As we near Apple’s Wednesday event, I have been thinking more about what I would do with the Apple Tablet. If the speculations are correct, and the device will be a family sharing bulletin board, casual gaming handheld, multimedia player, and on-line journal reader, then it could be useful for some middle-class households, but personally, I have no practical application for it, and I doubt that many Westerners under the age of 35 do either.

Let me preface this article by admitting that I am an avid Mac apologist and an Apple supporter.

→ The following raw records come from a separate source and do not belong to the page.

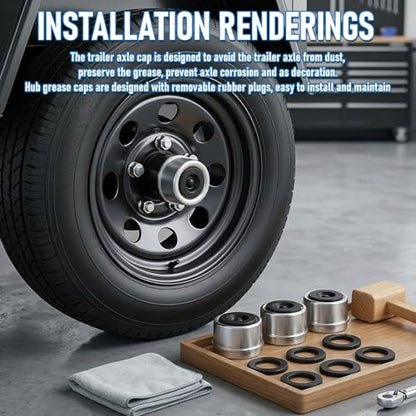 2pcs 2.72" Trailer Axle Wheel Hub Dust Caps, Bearing Center Replacement Trailer Cup,Trailer Hub Grease Cap with 4 Rubber Plugs Fit for Most 7000 to 8000 Ib Axles Dexter EZ Lube - color: 2PCS 2.72"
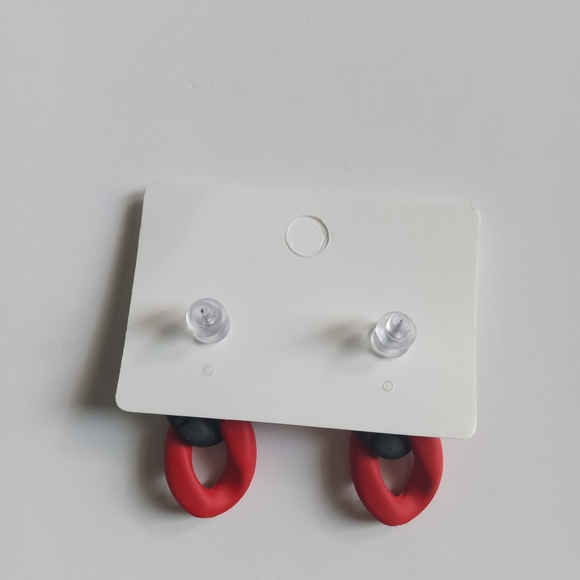 Fashion Jewelry Black And Red Chain Earrings - Picture 5 of 5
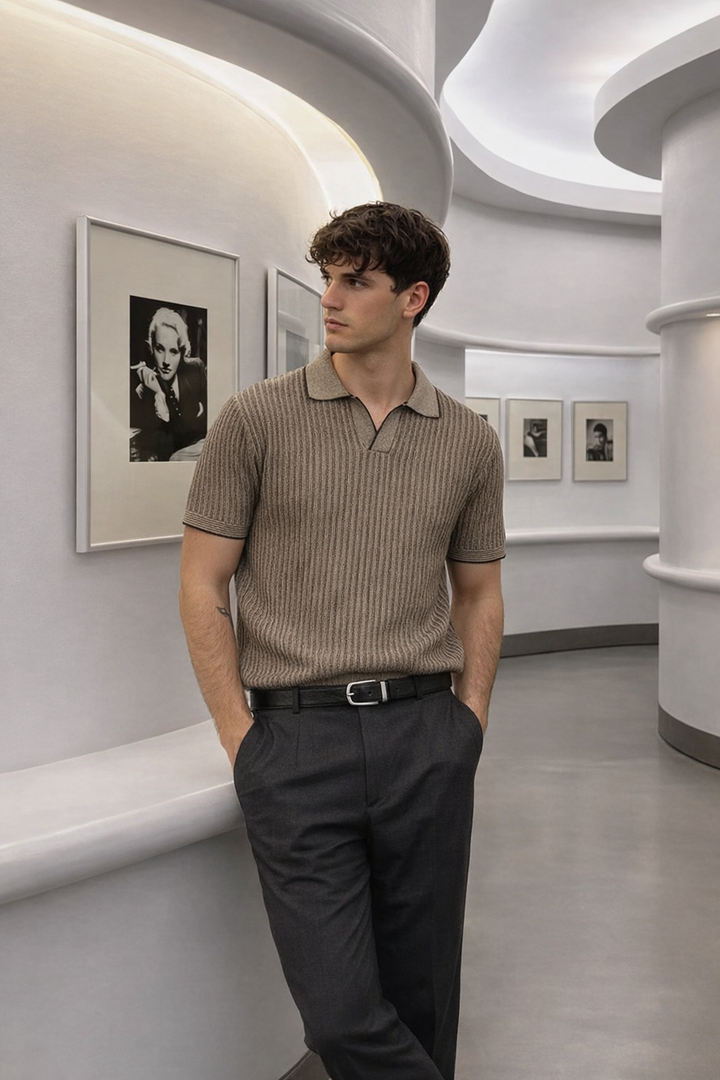 Knitted Striped Polo T-Shirt – Black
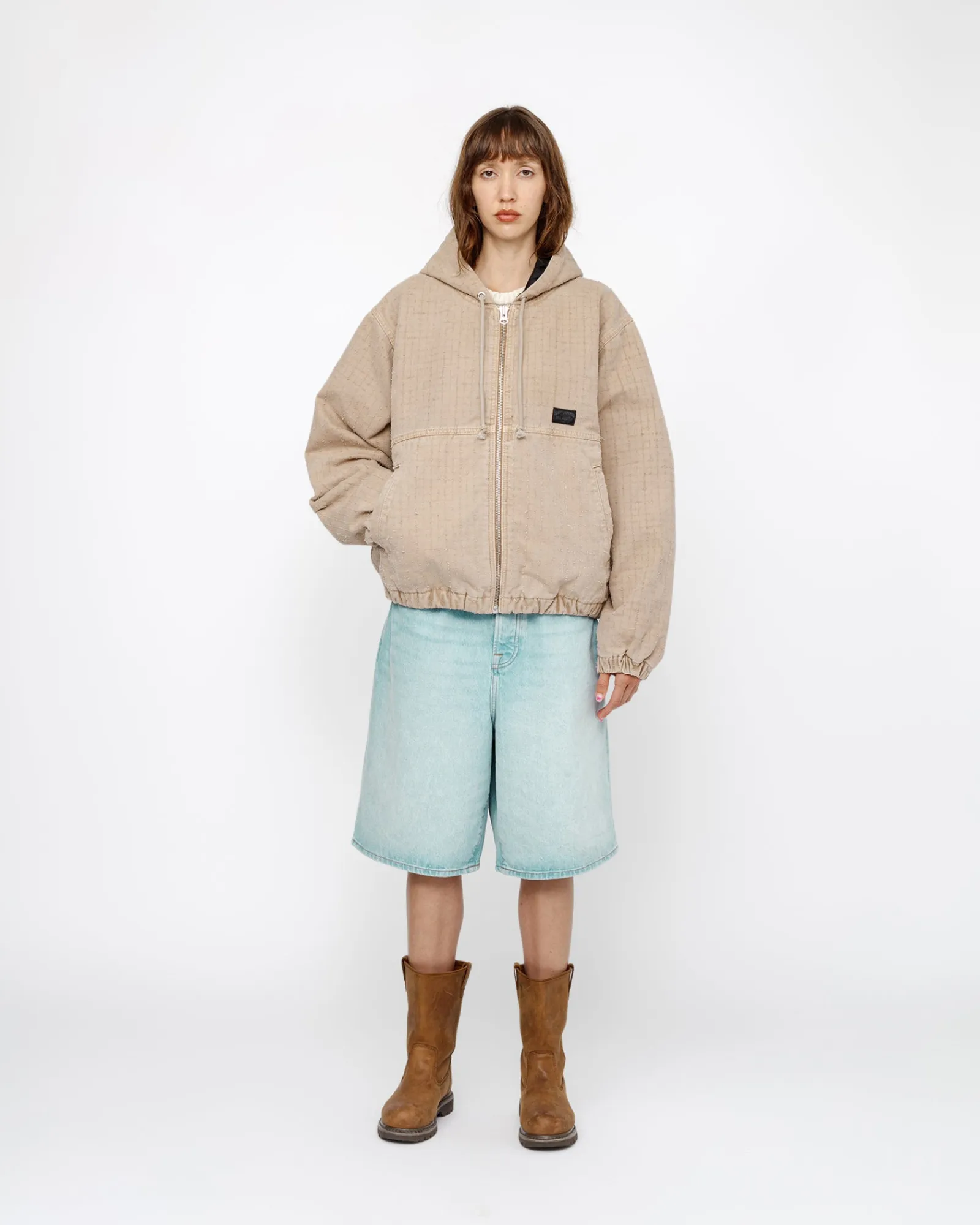 Outerwear>Stüssy WORK JACKET CANVAS NEEDLE PUNCH Khaki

Apple is supposedly hoping to create an entirely new type of product, one that merges netbooks, laptops, conventional tablets, smartphones, and e-readers. I say “supposedly” because everything regarding the Tablet is just guesswork until we see the actual product in three days. Since Apple has been allegedly in negotiations with publishers like HarperCollins and publications like the New York Times for exclusive content, there is evidence that the Tablet will indeed be geared towards e-reading. It is also likely that Apple is extending its iTouch/iPhone gaming platform to the Tablet, so simple games will be part of the repertoire. There is the possibility of Cloud iTunes, the current iTunes store, and the intriguing rumor that Apple is in talks with AT&T and Verizon as 3G carriers. Music, movies, television shows, GPS, and 3G wireless access are probably included in the package.

Aside from the touchscreen, what is actually new about this Tablet device? Nothing, absolutely nothing. An ultra-portable laptop like the 13″ MacBook Pro or even the Air already does everything that the promised Tablet will do (excepting touchscreen). Presumably, content from publishers will be Tablet exclusive, but would you really pay $999, along with subscription fees, for news and book access? I can get the news for free from something called Google, books from the library, and e-books on my smartphone or e-reader. Apple sure is praying that consumers buy into a brand new idea that is still stewing but is nowhere near ready for prime time. Why should prudent buyers not just wait another year instead of investing in a novelty that could fail? If nothing else, by 2011, these tablets will be more affordable owing to greater competition.


Hardware and Price:
Apple purchased P.A. Semi, a PowerPC processor maker, a few years ago for $278 million but has yet to use a single chip designed by this firm. All Macs use Intel, while the iPhone and iPod Touch are Samsung ARM processors. It is not a stretch to assume that Apple plans to base its Tablet (and perhaps future iPhones) around P.A. Semi chips, which are touted as being much more energy efficient than anything that Intel has at the moment.

Even if the Tablet can ship at $999 with a faster processor than a basic Atom, it will still be much slower than an entry $999 MacBook. Herein is one of the proposed Tablet’s biggest problems. At its price, it is much more expensive than a netbook or an e-reader, and while it will do more than the latter, it will not obliterate the functionality of the former. Another enormous obstacle to the Tablet’s success is competition from Lenovo and HP, both of which have powerful tablets in production and other models scheduled for release soon. In fact, these two companies have far more experience with tablets than Apple. I suppose that Apple has to create an entirely new device because all tablets hitherto have been either failures or marginal products.

The more I think about the Apple Tablet, the less I see a need for it. To me, it seems like a niche product that companies might want to experiment with, not spend billions researching and developing. The Tablet that most Mac users have been desiring for years is one that has the power of a MacBook but with touchscreen support. What Apple is supposedly about to unveil is a netbook/e-reader hybrid that only people with too much money or too little sense can justify buying.

If the rumors are true, and this Tablet arrives as predicted, then I will certainly not be buying it. I would love to play with it for a few hours and then come to my senses, realizing that it is unnecessary and even extravagant in today’s economic depression. Why do I need yet another computer when I already have a PC, a laptop, and a smartphone? Just how connected do people have to be? Will there be a specialized computer for each unique room in a house: one for the kitchen, another for the living room, the bathroom, the garage, etc.? Will people just buy the Tablet because they can? If so, then this is not about function, but consumption.

Then again, what do I know. At this point, Apple can sell just about anything. Mr. Ives could artistically design a cement brick, christen it the iBrick, and hundreds of thousands would buy it. Maybe most of the rumors are wrong anyway, and Steve Jobs will pull another rabbit out of his bag.